▶ _What is expected_
Where the records below show a line containing "PODUSZKA STICH LILO", start copying; end with the line containing "Wizeyake Van Gogh", and copy it too.

▶ _Records_
+ + + + +

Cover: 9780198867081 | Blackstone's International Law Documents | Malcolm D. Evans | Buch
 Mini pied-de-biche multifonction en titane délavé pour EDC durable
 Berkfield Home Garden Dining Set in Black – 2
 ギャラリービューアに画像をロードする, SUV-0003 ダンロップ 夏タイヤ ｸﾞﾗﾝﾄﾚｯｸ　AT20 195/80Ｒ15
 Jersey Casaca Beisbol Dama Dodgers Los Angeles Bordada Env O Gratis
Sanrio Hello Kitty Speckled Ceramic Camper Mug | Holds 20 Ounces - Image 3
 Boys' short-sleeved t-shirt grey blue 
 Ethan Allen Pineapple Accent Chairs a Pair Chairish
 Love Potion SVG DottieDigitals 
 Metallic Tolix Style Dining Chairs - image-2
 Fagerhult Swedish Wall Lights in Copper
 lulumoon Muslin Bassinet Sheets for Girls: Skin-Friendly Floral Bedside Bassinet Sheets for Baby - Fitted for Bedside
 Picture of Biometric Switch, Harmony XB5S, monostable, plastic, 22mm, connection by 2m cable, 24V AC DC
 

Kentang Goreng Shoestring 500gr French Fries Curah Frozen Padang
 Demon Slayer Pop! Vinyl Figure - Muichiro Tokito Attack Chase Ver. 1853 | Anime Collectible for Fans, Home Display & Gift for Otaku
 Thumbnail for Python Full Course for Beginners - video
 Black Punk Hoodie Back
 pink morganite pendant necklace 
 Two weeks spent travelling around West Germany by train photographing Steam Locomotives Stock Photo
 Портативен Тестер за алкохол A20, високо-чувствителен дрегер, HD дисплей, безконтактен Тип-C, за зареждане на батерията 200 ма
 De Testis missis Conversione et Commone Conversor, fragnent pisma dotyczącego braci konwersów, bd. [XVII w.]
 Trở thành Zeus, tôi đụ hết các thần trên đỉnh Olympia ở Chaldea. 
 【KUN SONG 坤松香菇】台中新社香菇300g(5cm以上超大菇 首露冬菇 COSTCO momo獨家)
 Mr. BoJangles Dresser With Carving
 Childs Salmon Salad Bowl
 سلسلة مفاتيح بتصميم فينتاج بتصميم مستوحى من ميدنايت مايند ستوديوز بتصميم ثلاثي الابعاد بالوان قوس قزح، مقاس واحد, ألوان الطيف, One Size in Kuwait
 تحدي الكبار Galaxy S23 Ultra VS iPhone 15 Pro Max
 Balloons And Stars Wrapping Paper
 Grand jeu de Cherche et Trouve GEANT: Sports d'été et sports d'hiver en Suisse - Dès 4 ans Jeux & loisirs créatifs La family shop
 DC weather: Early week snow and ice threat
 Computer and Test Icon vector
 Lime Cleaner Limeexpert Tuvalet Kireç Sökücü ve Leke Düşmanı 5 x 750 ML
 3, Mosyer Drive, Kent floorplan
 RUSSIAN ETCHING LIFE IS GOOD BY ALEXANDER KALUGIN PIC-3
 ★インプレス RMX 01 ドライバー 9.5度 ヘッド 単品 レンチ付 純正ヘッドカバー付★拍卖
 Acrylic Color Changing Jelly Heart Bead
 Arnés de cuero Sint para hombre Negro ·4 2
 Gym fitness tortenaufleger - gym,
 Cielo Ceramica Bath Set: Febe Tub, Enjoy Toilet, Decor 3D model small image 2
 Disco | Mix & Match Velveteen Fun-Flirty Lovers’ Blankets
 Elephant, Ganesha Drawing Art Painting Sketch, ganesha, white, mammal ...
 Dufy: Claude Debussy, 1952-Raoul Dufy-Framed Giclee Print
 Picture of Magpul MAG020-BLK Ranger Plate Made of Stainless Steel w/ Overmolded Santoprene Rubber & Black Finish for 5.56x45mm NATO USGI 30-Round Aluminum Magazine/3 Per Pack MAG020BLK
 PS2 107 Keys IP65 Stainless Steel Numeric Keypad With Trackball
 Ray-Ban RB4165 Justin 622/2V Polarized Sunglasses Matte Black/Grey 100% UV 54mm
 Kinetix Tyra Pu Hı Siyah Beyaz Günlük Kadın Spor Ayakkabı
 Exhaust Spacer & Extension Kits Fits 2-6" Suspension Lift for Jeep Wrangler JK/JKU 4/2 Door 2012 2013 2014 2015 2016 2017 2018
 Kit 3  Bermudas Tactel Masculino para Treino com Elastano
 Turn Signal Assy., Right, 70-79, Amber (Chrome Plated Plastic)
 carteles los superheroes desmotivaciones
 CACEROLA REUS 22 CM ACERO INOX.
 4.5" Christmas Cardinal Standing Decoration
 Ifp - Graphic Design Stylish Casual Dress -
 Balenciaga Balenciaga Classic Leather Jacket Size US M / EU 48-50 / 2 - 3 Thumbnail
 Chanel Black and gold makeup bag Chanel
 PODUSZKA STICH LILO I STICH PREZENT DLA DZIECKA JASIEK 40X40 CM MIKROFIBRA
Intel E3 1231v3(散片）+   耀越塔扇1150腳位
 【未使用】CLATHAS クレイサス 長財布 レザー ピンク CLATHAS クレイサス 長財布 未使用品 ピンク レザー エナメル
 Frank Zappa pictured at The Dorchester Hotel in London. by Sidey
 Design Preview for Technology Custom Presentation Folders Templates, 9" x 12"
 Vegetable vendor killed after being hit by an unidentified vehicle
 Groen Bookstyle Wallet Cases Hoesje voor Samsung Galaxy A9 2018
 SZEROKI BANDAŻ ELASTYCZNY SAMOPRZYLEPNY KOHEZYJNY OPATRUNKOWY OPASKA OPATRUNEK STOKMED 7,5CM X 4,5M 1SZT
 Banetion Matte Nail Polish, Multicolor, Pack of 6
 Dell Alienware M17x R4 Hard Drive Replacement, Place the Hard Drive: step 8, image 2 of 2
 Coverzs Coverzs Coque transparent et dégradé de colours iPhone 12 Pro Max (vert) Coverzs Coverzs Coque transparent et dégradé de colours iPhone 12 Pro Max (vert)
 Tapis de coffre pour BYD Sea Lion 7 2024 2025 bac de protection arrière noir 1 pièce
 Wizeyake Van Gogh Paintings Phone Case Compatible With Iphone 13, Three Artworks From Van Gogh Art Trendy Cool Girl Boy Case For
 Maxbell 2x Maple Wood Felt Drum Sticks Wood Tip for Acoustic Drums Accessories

+ + + + +

▶ _Answer section_
 PODUSZKA STICH LILO I STICH PREZENT DLA DZIECKA JASIEK 40X40 CM MIKROFIBRA
Intel E3 1231v3(散片）+   耀越塔扇1150腳位
 【未使用】CLATHAS クレイサス 長財布 レザー ピンク CLATHAS クレイサス 長財布 未使用品 ピンク レザー エナメル
 Frank Zappa pictured at The Dorchester Hotel in London. by Sidey
 Design Preview for Technology Custom Presentation Folders Templates, 9" x 12"
 Vegetable vendor killed after being hit by an unidentified vehicle
 Groen Bookstyle Wallet Cases Hoesje voor Samsung Galaxy A9 2018
 SZEROKI BANDAŻ ELASTYCZNY SAMOPRZYLEPNY KOHEZYJNY OPATRUNKOWY OPASKA OPATRUNEK STOKMED 7,5CM X 4,5M 1SZT
 Banetion Matte Nail Polish, Multicolor, Pack of 6
 Dell Alienware M17x R4 Hard Drive Replacement, Place the Hard Drive: step 8, image 2 of 2
 Coverzs Coverzs Coque transparent et dégradé de colours iPhone 12 Pro Max (vert) Coverzs Coverzs Coque transparent et dégradé de colours iPhone 12 Pro Max (vert)
 Tapis de coffre pour BYD Sea Lion 7 2024 2025 bac de protection arrière noir 1 pièce
 Wizeyake Van Gogh Paintings Phone Case Compatible With Iphone 13, Three Artworks From Van Gogh Art Trendy Cool Girl Boy Case For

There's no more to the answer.